El maquis anarquista: ni ángeles ni demonios

Cuatro décadas después de la caída de los últimos maquis, el historiador Ferran Sánchez Agustí reconstruye la historia de la guerrilla anarquista. Atención, porque esto es novedad, sin concesiones hagiográficas.

El franquismo los despachó como bandoleros, facinerosos o delincuentes comunes, expediente dócilmente repetido por una prensa sumisa que de paso le ahorraba el esfuerzo y el riesgo de tener que reconocer e interpretar las implicaciones subversivas que el maquis anarquista comportaba. Por su parte, la escasa historiografía reciente que se atrevido a bucear en este apasionante y oscuro episodio del ,digamos, altofranquismo, se ha limitado en la mayoría de los casos a repetir acríticamente las versiones puestas en circulación en los años 70 por los autores hoy canónicos sobre la materia -Pons Prades y Téllez Solá, principalmente. El resultado ha sido una tendenciosa reescritura de la historia -quizás para saldar la deuda moral con los últimos luchadores antifranquistas- ha hecho insólita fortuna.

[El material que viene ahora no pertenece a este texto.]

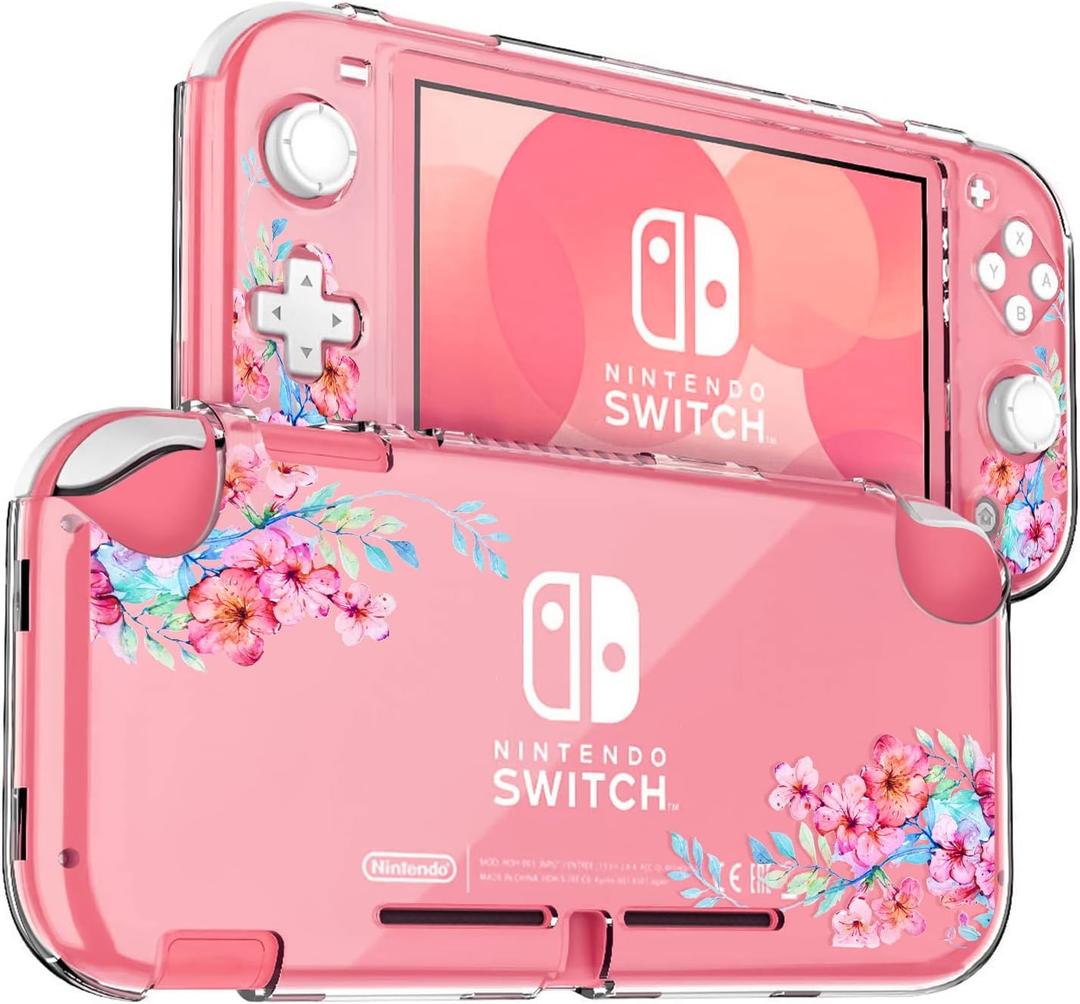 DLseego Peach Blossom Pink Flower Floral Clear Switch Lite Protective Case 2-Piece Split Full Wrap PC Hard Shell Anti-Scratch All-Round Protection Cover for Switch 2019 Model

El caso más flagrante es el atraco que Josep Lluís Facerias perpetró en octubre de 1951 en el meublé de Pedralbes, golpa célebre recreado por el director Carles Balagué en La Casita Blanca -¿recuerdan la canción de Serrat: "Pero aquello era otra cosa..."- y que se saldó con el homicidio de un cliente de la casa de citas. La historia hoy oficial ha consagrado una versión apócrifa -per repetida ad nauseam- según la cual la víctima era un personaje más o menos próximo al Régimen, con conexiones estraperlistas y a quien Facerias pilló encamado con una sobrina menor de edad -sobrina del fulano este, no de Facerias. De ahí el vestidito de colegiala -al mejor estilo hentai- que el rumor popular y ahora también el erudito le endosaban a la chica. Pues resulta que Sánchez Agustí de ha molestado en rastrear las fuentes -incluida la partida de nacimiento de la susodicha- para descubrir con estupefacción que ni el muerto era un simpatizante franquista -de hecho, ni tan solo era un acaudalado estraperlista- ni la chica, a la que ha puesto nombre y apellidos -que por cierto se reserva- era sobrina suya. Y aún menos, menor de edad.

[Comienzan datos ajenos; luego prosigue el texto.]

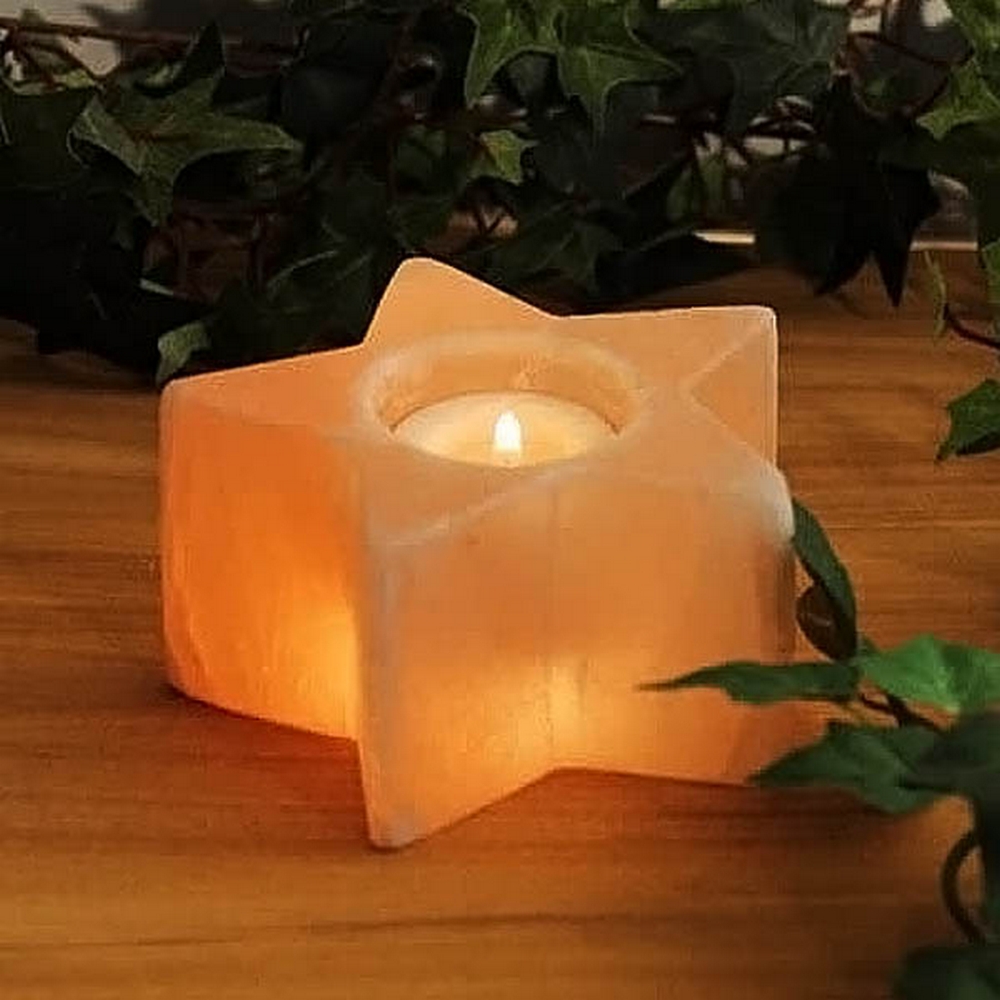 Foto principale Portacandela di Sale Himalayano Rosa scolpito a forma di Stella 500 g per lumini tea light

Facerias y Quique Martínez, en enero de 1947: el segundo cayó junto a Celes García el 26 de agosto de 1949 cuando estaban a punto de cruzar la frontera, camino de Francia; estén terrados en Espolla (Gerona). Atracador reincidente de la Casita Blanca, el célebre meublé de Pedralbes -y de Serrat- cayó víctima de una emboscada que le tendió la policía el 30 de agosto de 1957, en la esquina Urrutia y Pi i Molist de Barcelona. Fotografía: El maquis anarquista. 

El cadáver de Ramon Vila, Caracremanda, el último guerrillero, abatido en el paraje conocido como la Creu del Perelló, entre Castellnou y Balsareny, el 7 de agosto de 1963, cuando se retiraba a Francia tras su última misión: la voladura de tres torres de alta tensión en Sant Joan de Vilatorrada. Fotografía: El maquis anarquista.

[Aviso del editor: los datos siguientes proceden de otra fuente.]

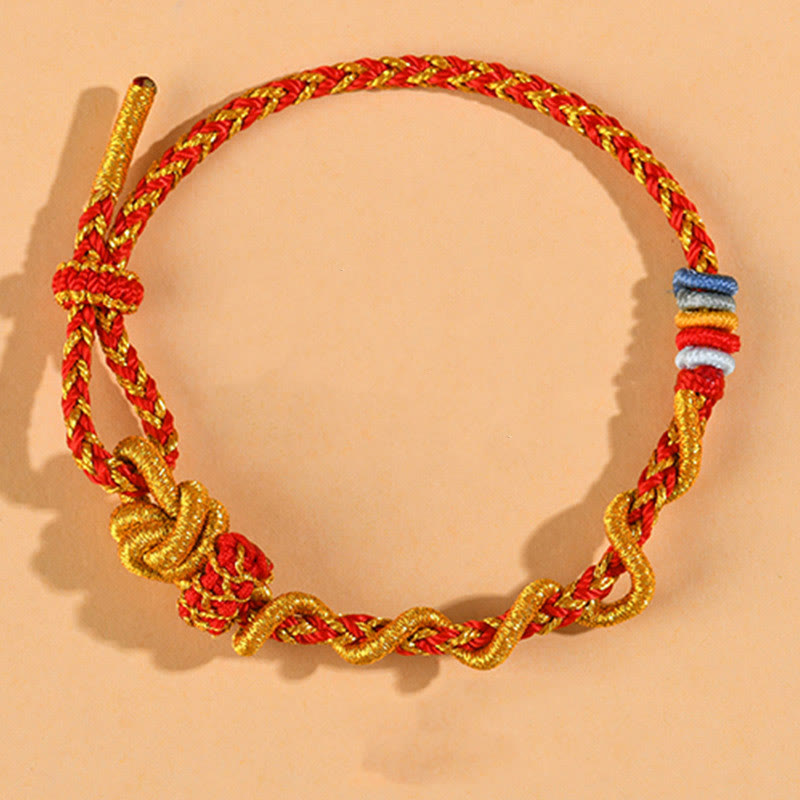 Bracelet porte-bonheur serpent dragon coloré Année du serpent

Marcel·lí Massana (derecha) en 1977: fue de los pocos guerrilleros anarquistas que supo (y pudo) retirarse a tiempo: lo dejó en 1951, seis años después de echarse al monte. Acabó sus días en el mas Letaillet, en Couserans, en el Arieja, al otro lado de la frontera, donde había llevado desde su jubilación una vida espartana ganándose las alubias como payés, minero, mecánico y jornalero. Fotografía: El maquis anarquista.

¿Cómo llegó a adquirir carta de naturaleza una versión tan alejada de la realidad? El historiador lo tiene claro: "Una víctima con los antecedentes correctamente tuneados salvaba la reputación de Facerias y ocultaba el hecho de que se trató, simple y llanamente, de un asesinato a sangre fría. Es más: la propaganda anarquista lo podía explotar como la eliminación de un representante de la burguesía opresora, y a la vez desenmascaraba la doble moral de la sociedad de la época. Y todo esto, aliñado a los detalles morbosos del caso apócrifo, ayuda a vender libros".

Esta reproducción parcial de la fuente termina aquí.